* _Requirement_: Copying starts at the line containing "Flamengo gana al" and stops after the last line of the records; each line is repeated exactly, and pictures are skipped.

Recorded data

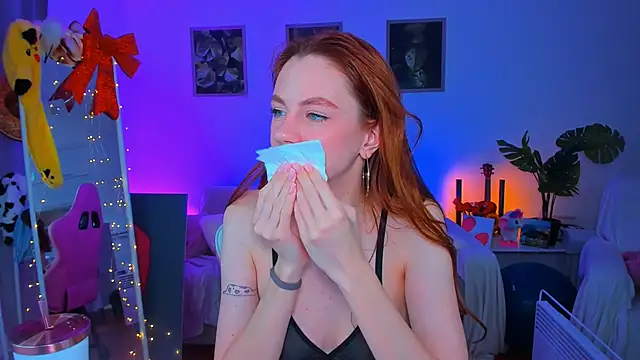 Alyssa Smitt online show from February 23, 11:14 pm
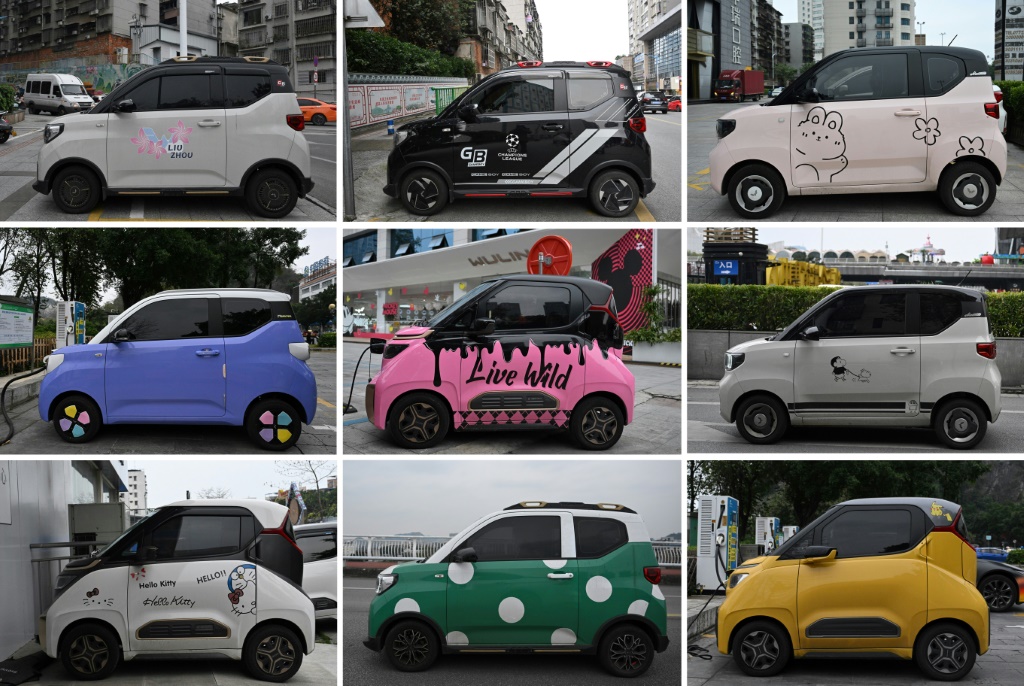 تضفي السيارات الكهربائية ذات الأسعار المعقولة ذات التصميمات المبهجة لمسة من الألوان على المدن الصينية المهملة (ا ف ب)
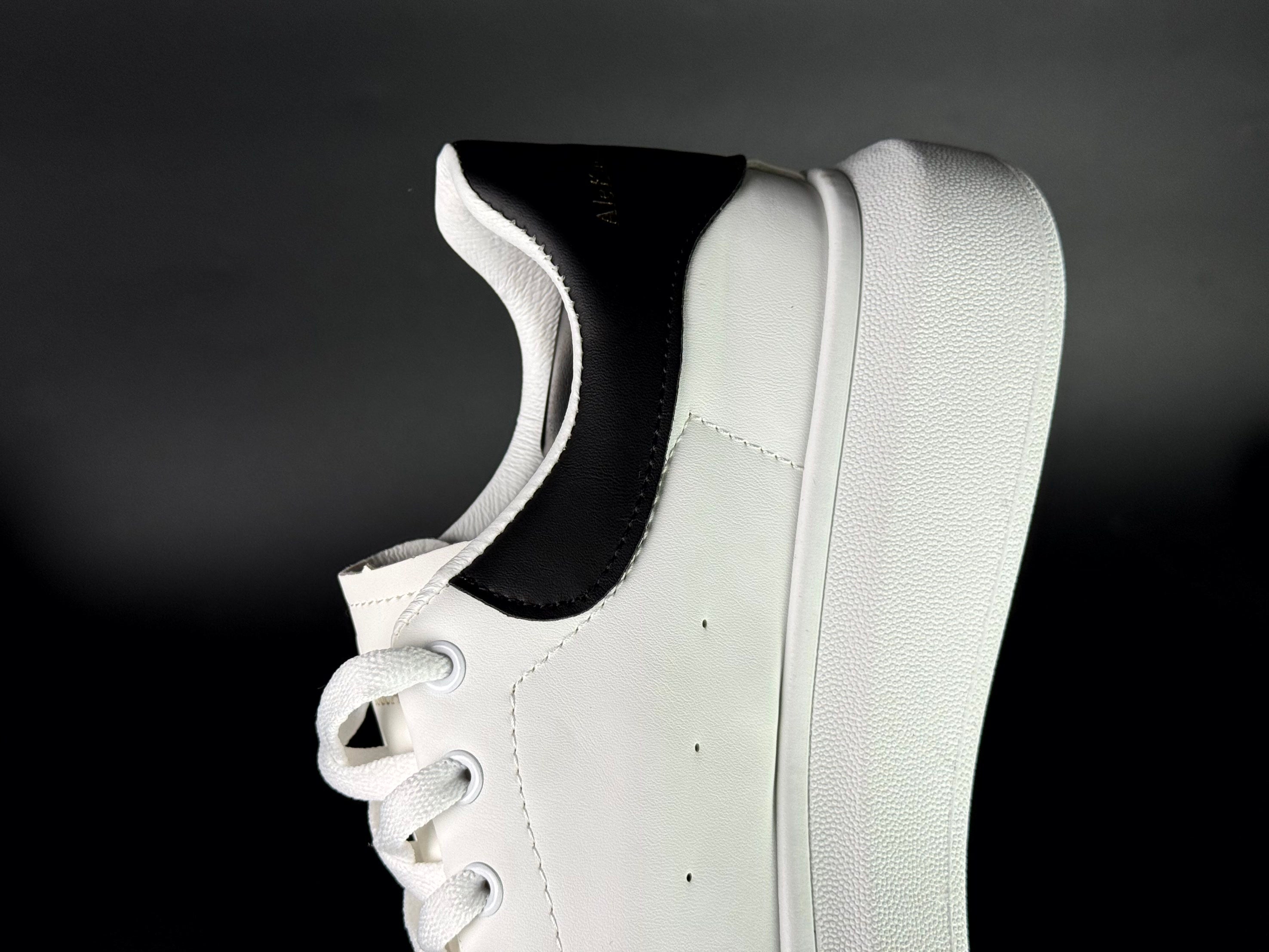 Macqueen blanche (noir)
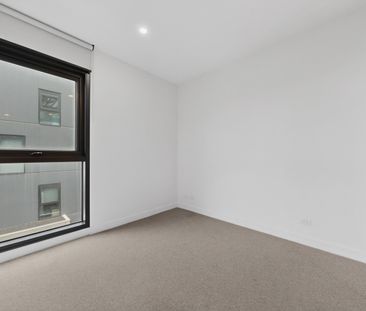 407/9 Village Avenue, Brunswick East VIC 3057 - Photo 5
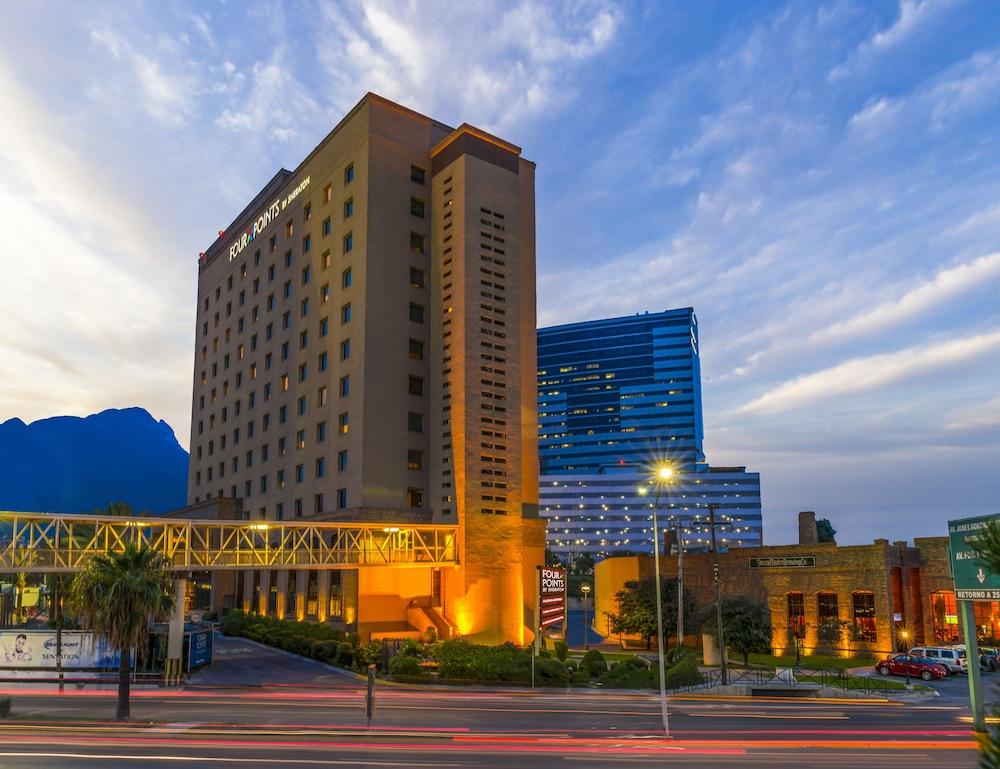 Four Points By Sheraton Galerias Monterrey Bagian luar foto The hotel at dusk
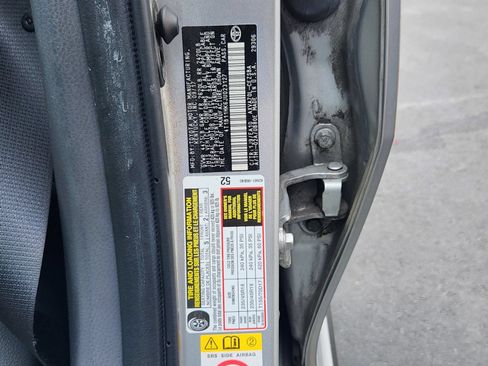 Used 2018 Toyota Camry SE FWD image 11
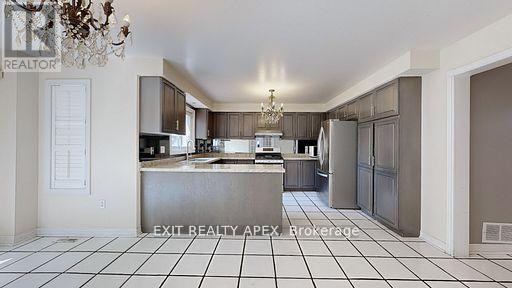 143 Veneto Upper Drive, Vaughan, Ontario  L4L 8X6 - Photo 22 - N12478729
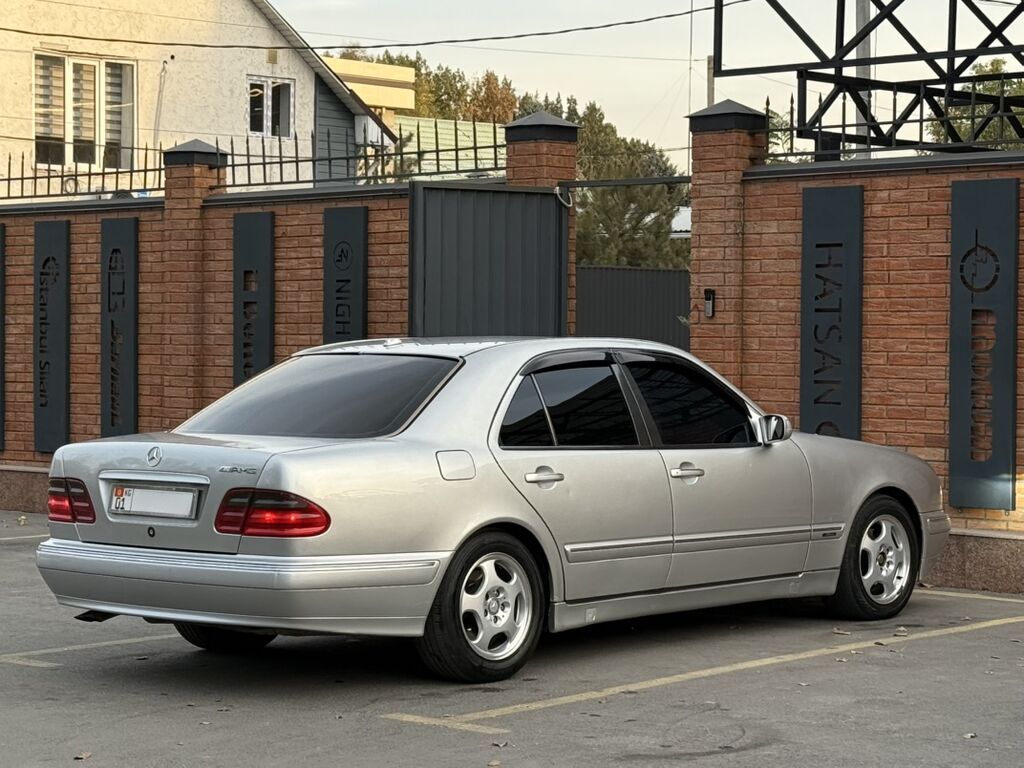 Mercedes-Benz E-Class: 2000 г., 3.2 л, Типтроник, Бензин, Седан: фото 3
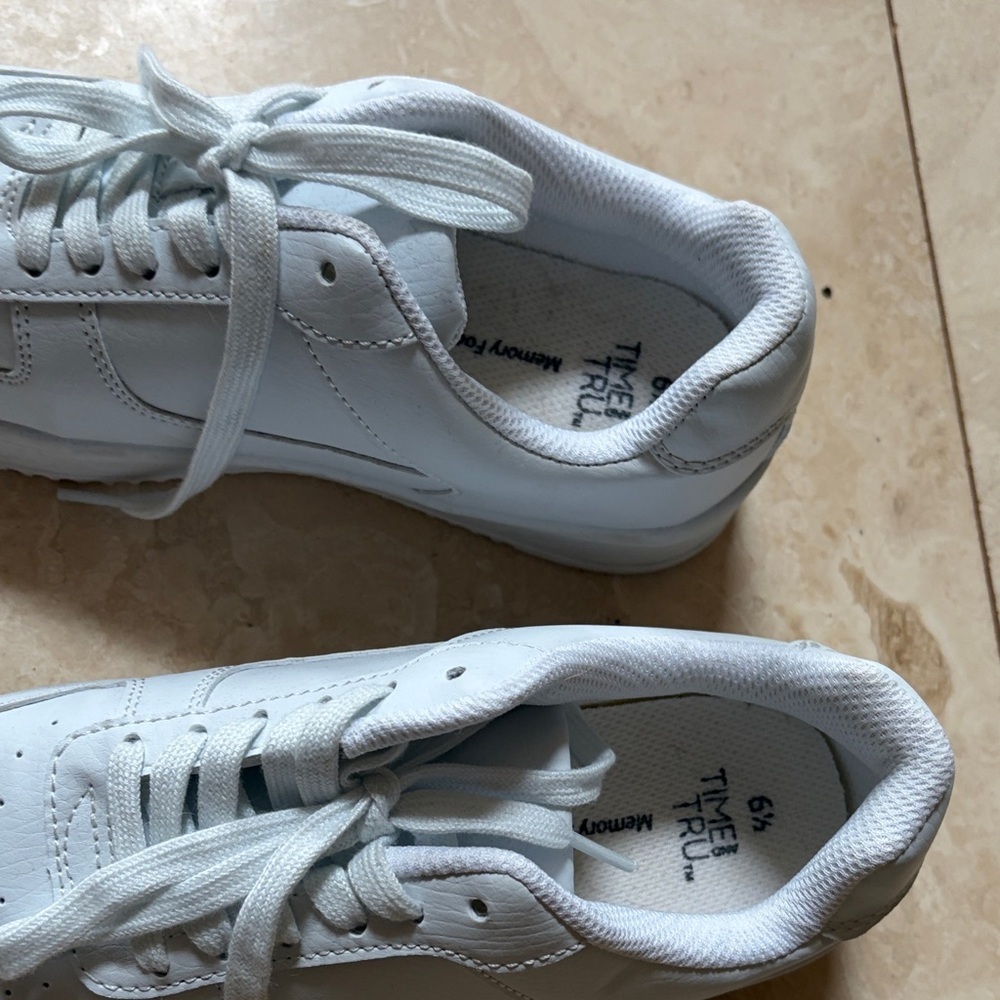 Time and Tru White Sneakers - Picture 3 of 6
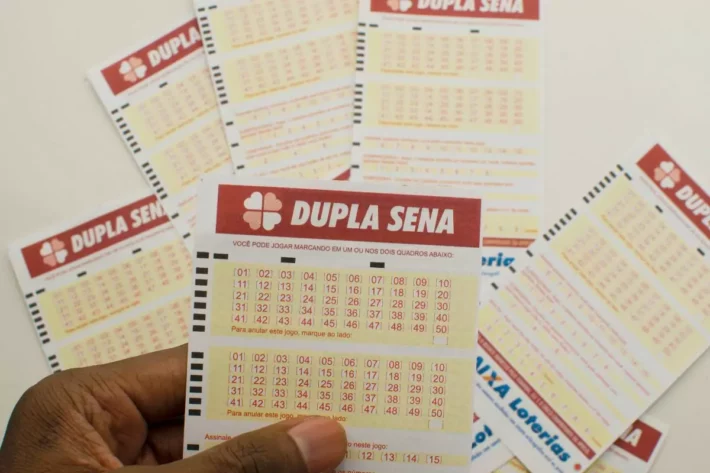 Descubra a história da Dupla Sena: Surpreenda-se com os fatos e curiosidades do sorteio milionário!
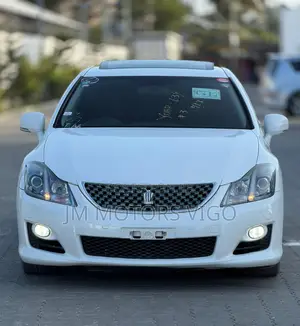 Toyota Crown 2009 White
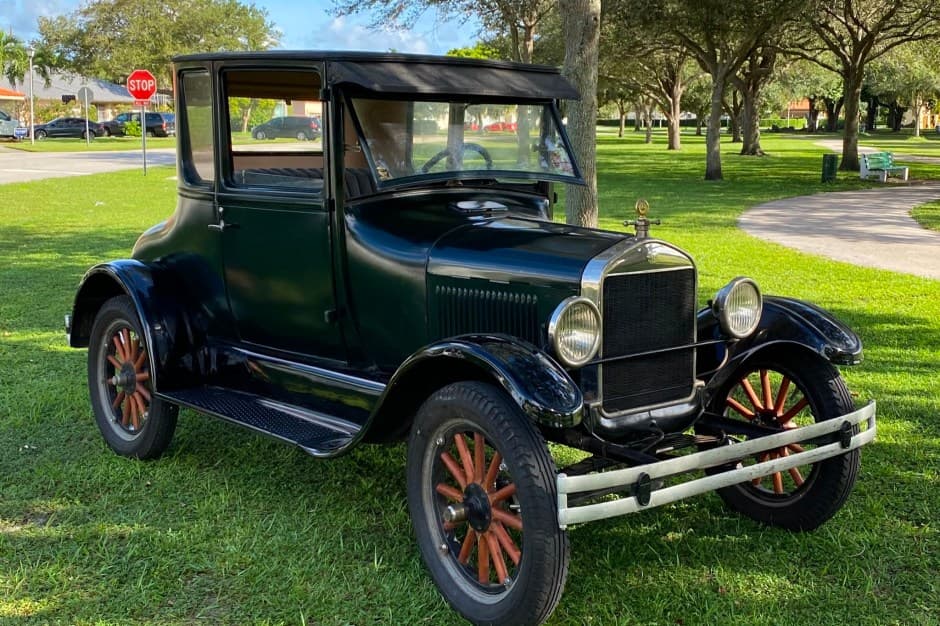 1926 Ford  sold for $8,100
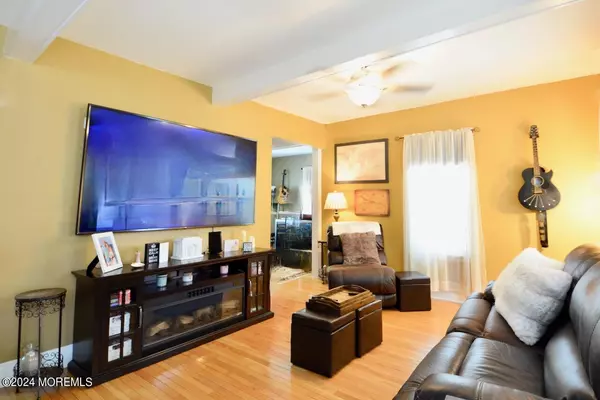 Red Bank, NJ 07701,167 Bridge Avenue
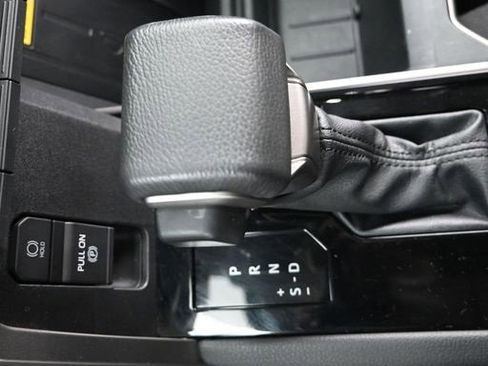 Used 2022 Toyota Tundra Limited image 35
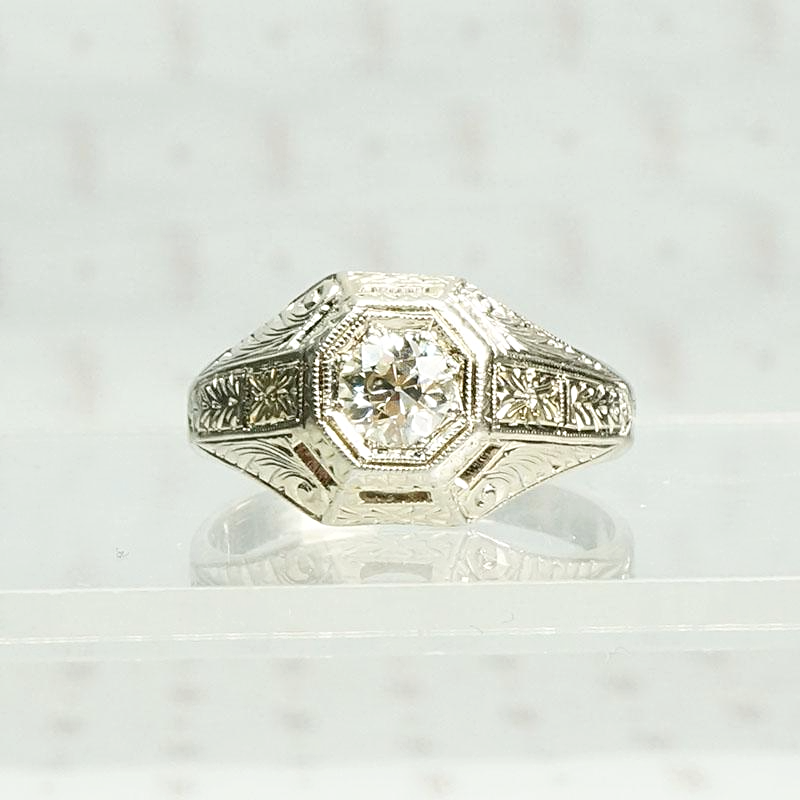 Architectural Belias Band with Diamond & White Gold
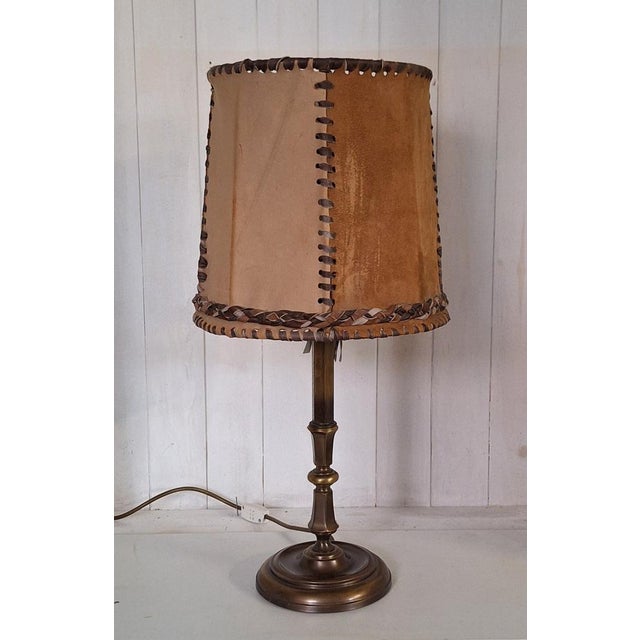 Brown Mid-Century Rustic Table Lamp with Brass Base and Handmade Leather Shade from Schröder & Co., 1960s For Sale - Image 8 of 8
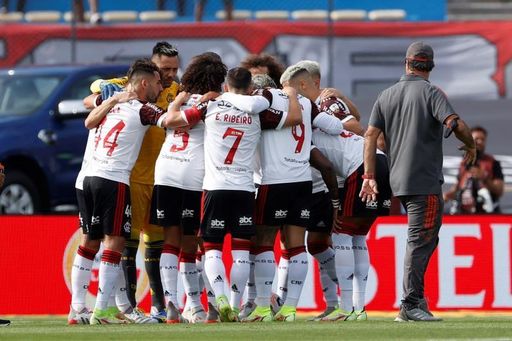 Flamengo gana al Ceará y se resiste a entregar el título al Atlético Mineiro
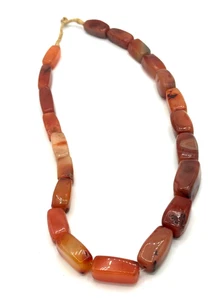 Antiguo hilo de cuentas rectangulares de cornalina del comercio africano. 21 cuentas - Imagen 1 de 7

* _Reply to the exercise_:
 Flamengo gana al Ceará y se resiste a entregar el título al Atlético Mineiro
 Antiguo hilo de cuentas rectangulares de cornalina del comercio africano. 21 cuentas - Imagen 1 de 7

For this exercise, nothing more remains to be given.